• [ASSIGNMENT]: Begin at the line containing "Immigrants from Sierra" and retype each line through the end of the records exactly. Include nothing else and no pictures.
BEGIN RECORDS TO USE
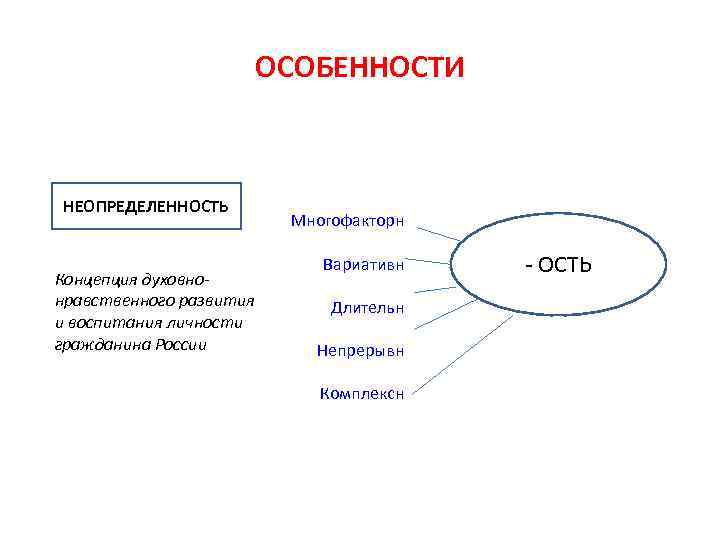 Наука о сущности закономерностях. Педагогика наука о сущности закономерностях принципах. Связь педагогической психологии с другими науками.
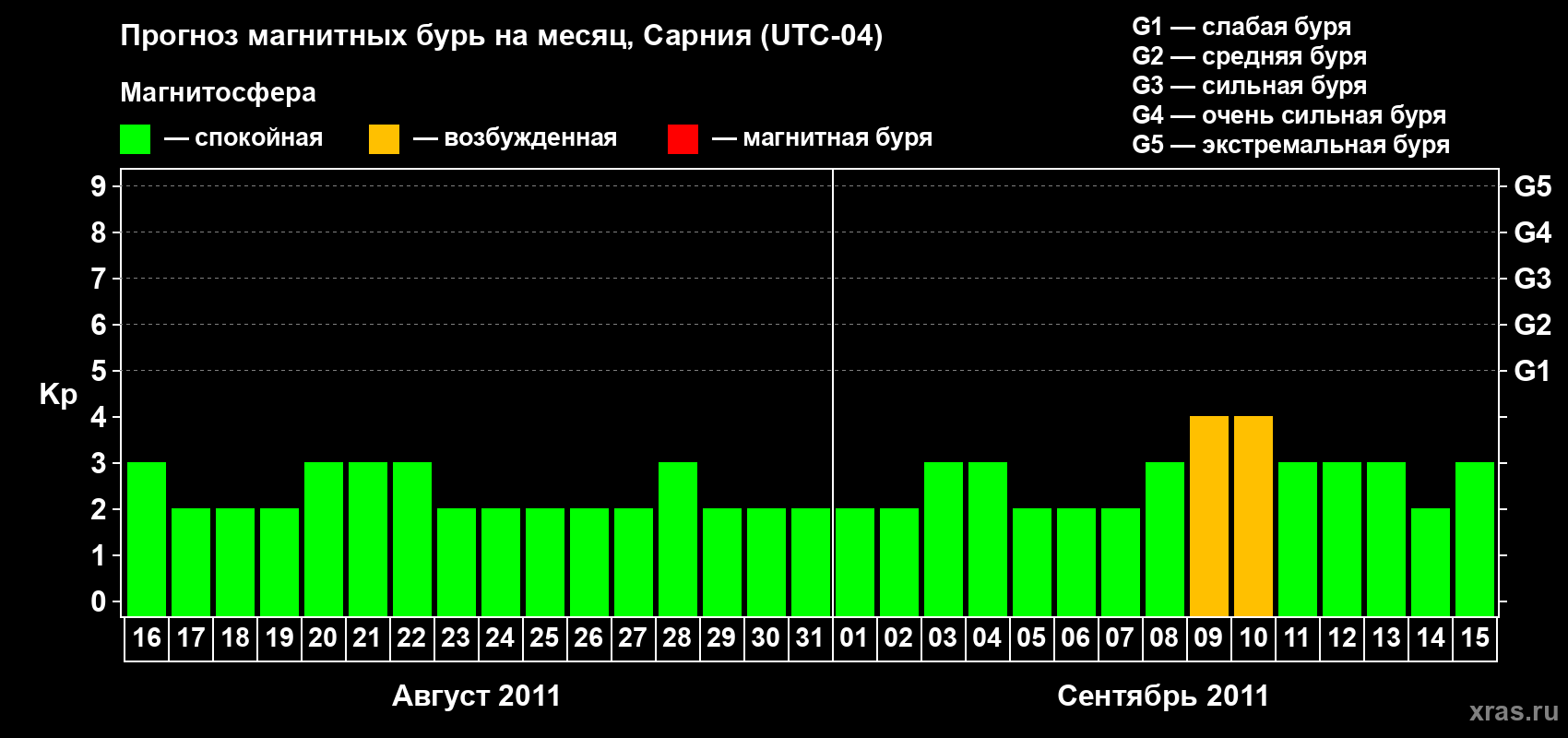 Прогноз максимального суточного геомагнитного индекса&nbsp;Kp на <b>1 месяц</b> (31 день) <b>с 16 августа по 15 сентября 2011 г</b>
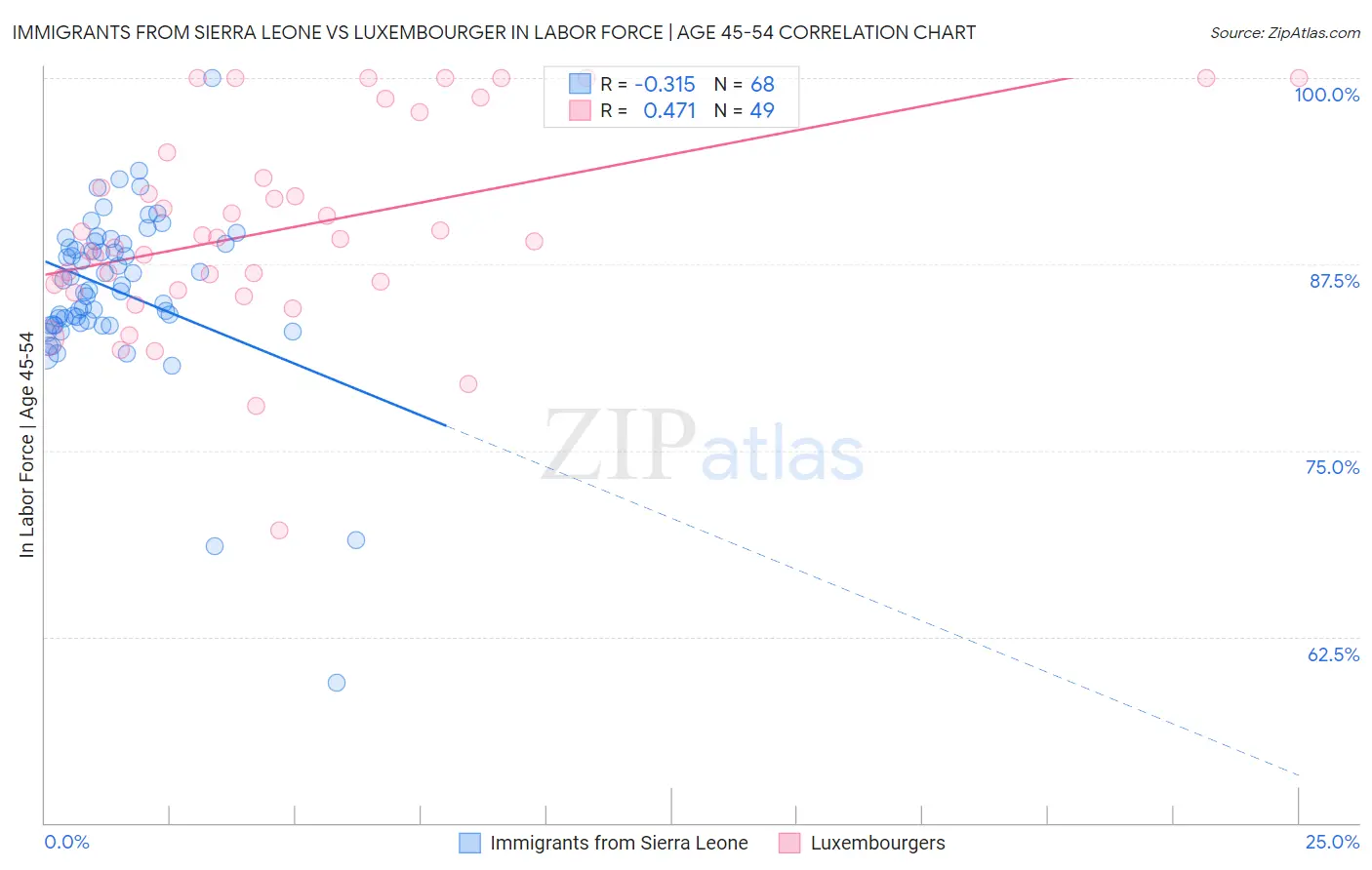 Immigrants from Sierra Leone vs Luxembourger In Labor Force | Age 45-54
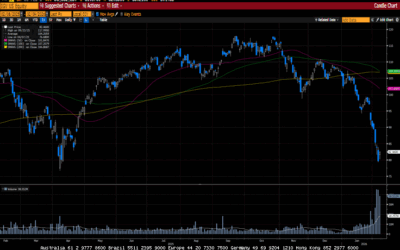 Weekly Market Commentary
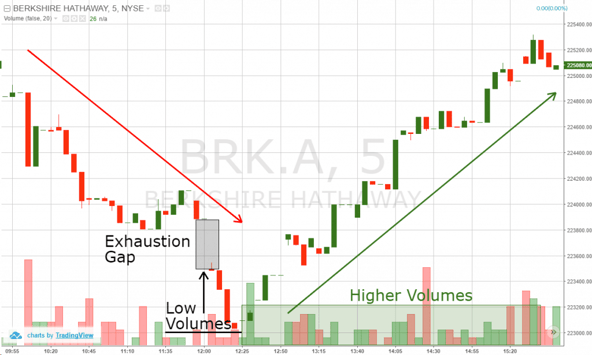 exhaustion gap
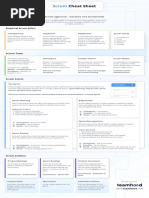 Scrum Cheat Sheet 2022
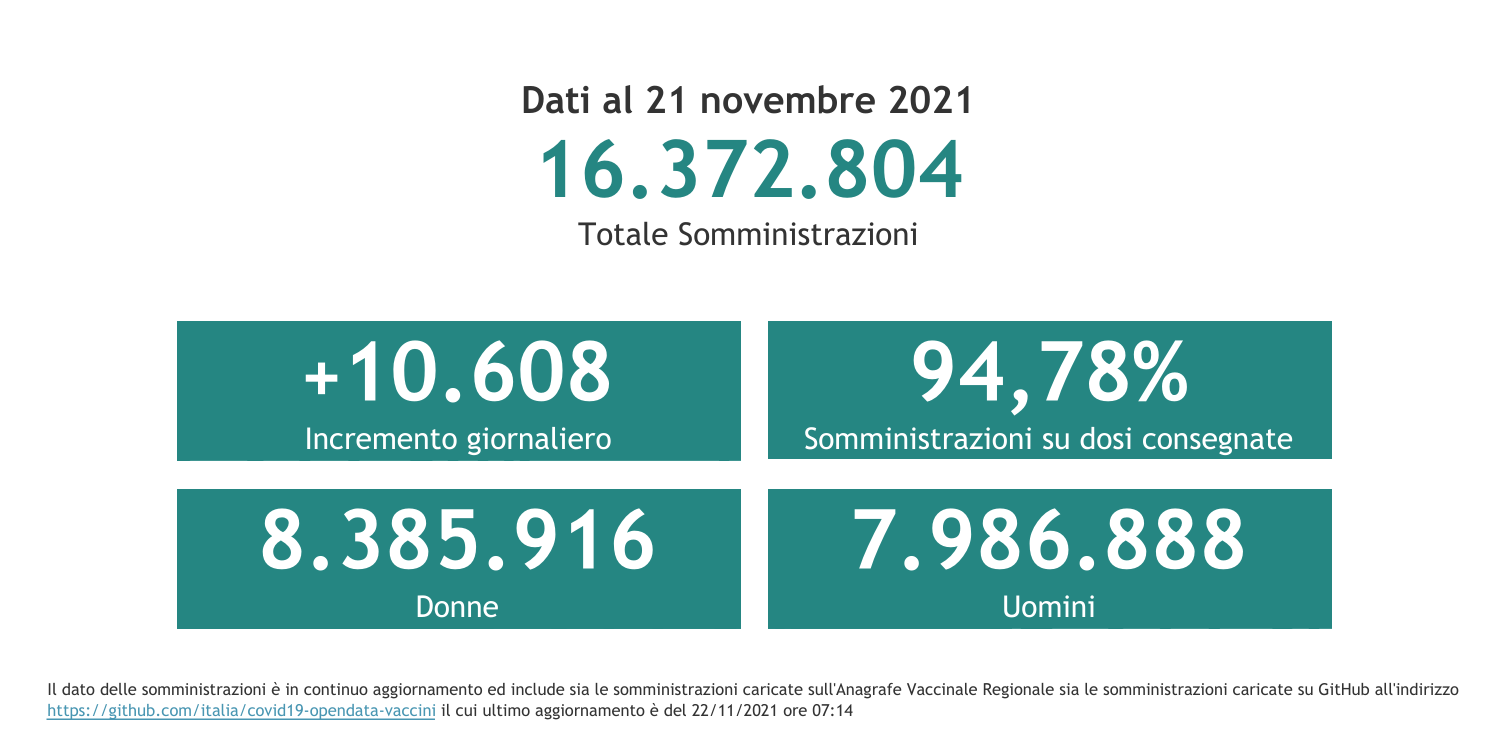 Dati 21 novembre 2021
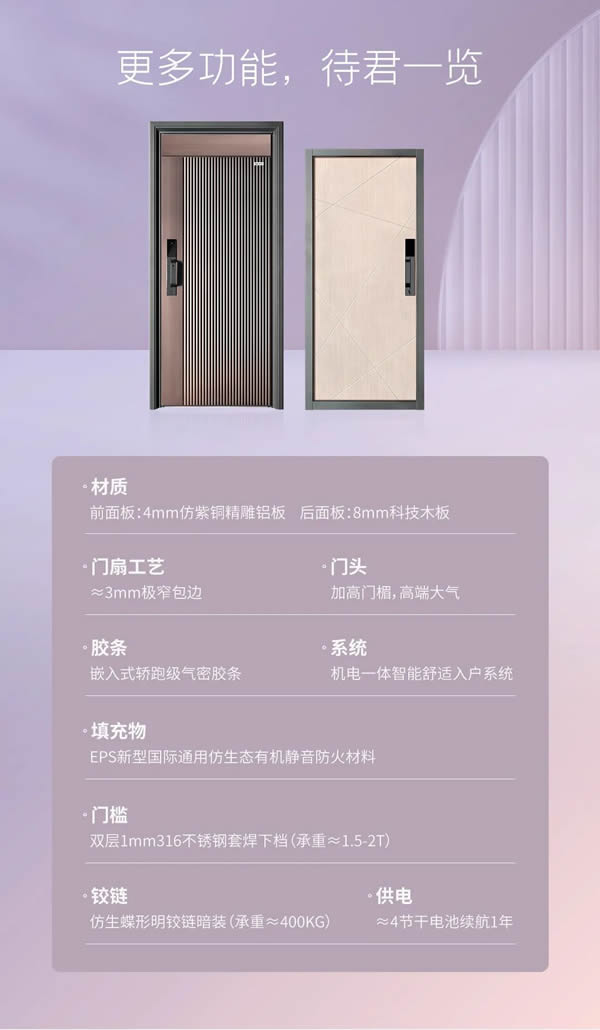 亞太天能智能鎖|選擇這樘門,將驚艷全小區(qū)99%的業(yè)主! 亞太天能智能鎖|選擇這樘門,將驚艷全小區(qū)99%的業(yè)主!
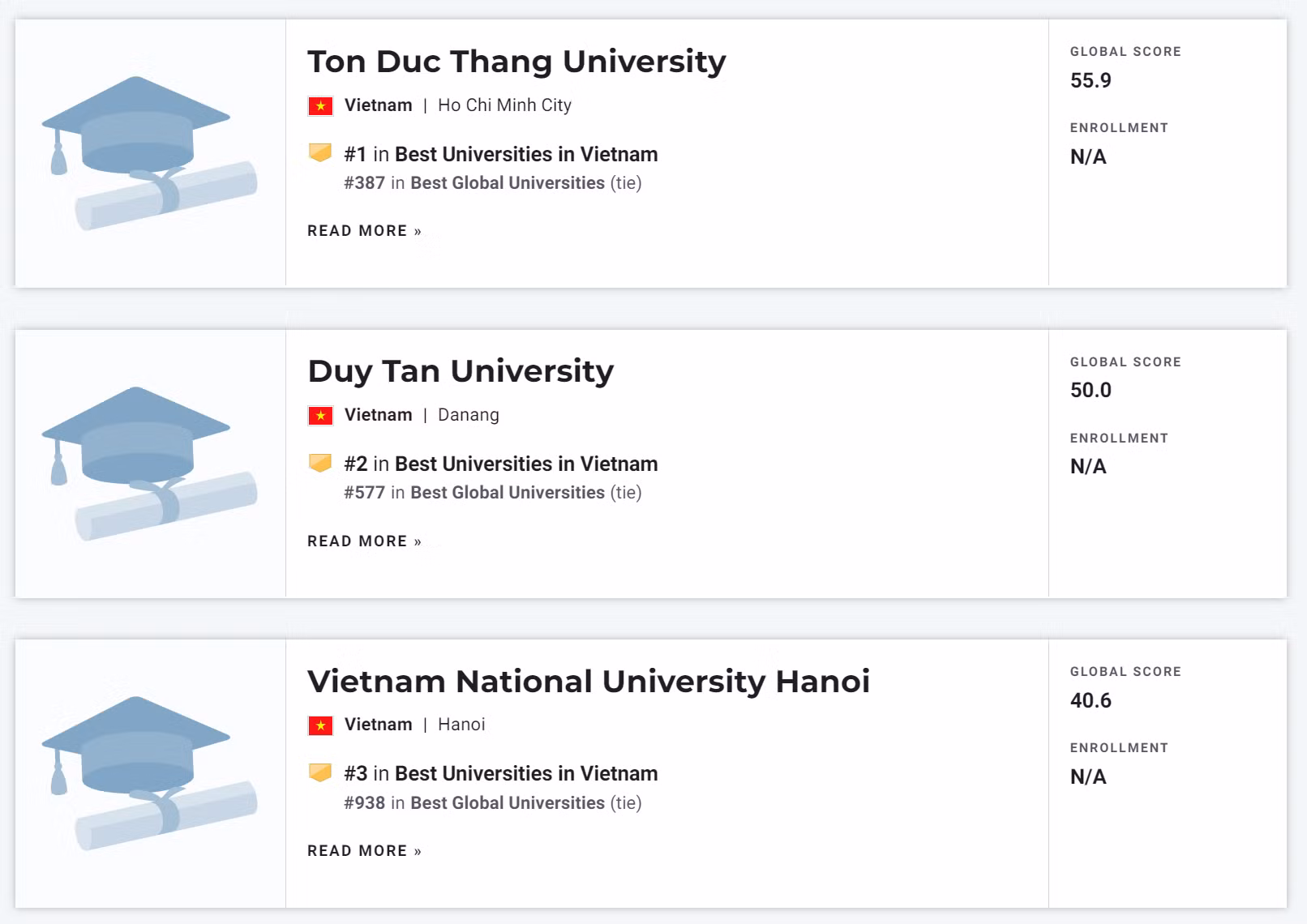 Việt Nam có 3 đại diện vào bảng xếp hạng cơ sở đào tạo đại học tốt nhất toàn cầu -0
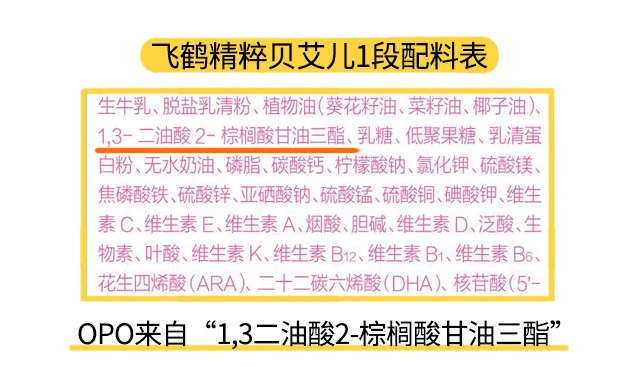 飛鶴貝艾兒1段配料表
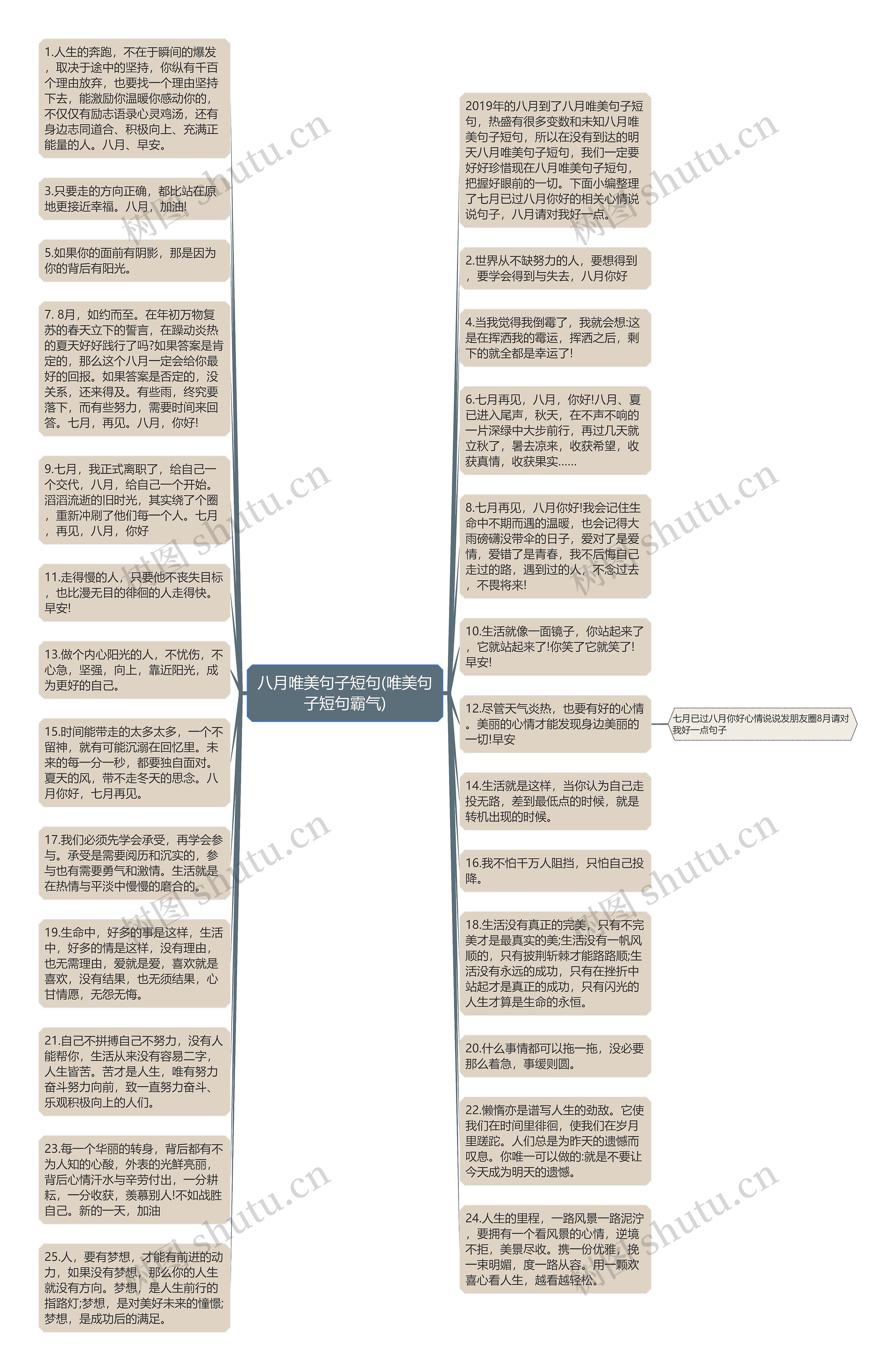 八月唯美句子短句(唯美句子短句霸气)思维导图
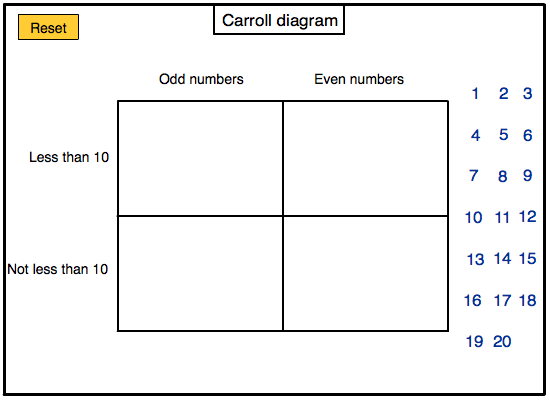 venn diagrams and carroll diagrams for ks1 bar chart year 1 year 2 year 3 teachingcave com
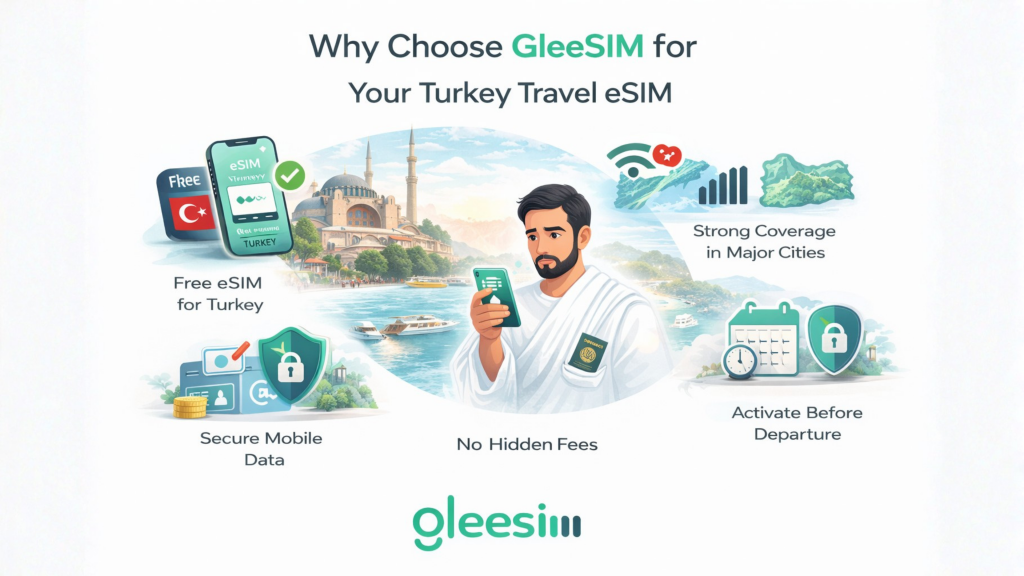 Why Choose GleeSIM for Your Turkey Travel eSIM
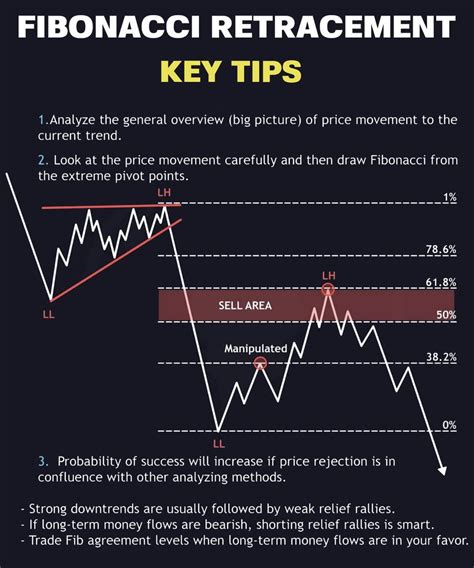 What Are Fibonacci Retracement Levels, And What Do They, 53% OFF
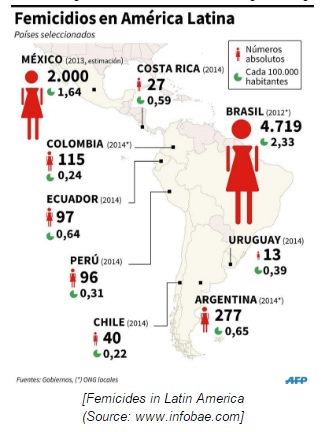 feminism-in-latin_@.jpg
END RECORDS TO USE
• [REPLY]:
 Immigrants from Sierra Leone vs Luxembourger In Labor Force | Age 45-54
 Weekly Market Commentary
 exhaustion gap
 Scrum Cheat Sheet 2022
 Dati 21 novembre 2021
 亞太天能智能鎖|選擇這樘門,將驚艷全小區(qū)99%的業(yè)主! 亞太天能智能鎖|選擇這樘門,將驚艷全小區(qū)99%的業(yè)主!
 Việt Nam có 3 đại diện vào bảng xếp hạng cơ sở đào tạo đại học tốt nhất toàn cầu -0
 飛鶴貝艾兒1段配料表
 八月唯美句子短句(唯美句子短句霸气)思维导图
 venn diagrams and carroll diagrams for ks1 bar chart year 1 year 2 year 3 teachingcave com
 Why Choose GleeSIM for Your Turkey Travel eSIM
 What Are Fibonacci Retracement Levels, And What Do They, 53% OFF
 feminism-in-latin_@.jpg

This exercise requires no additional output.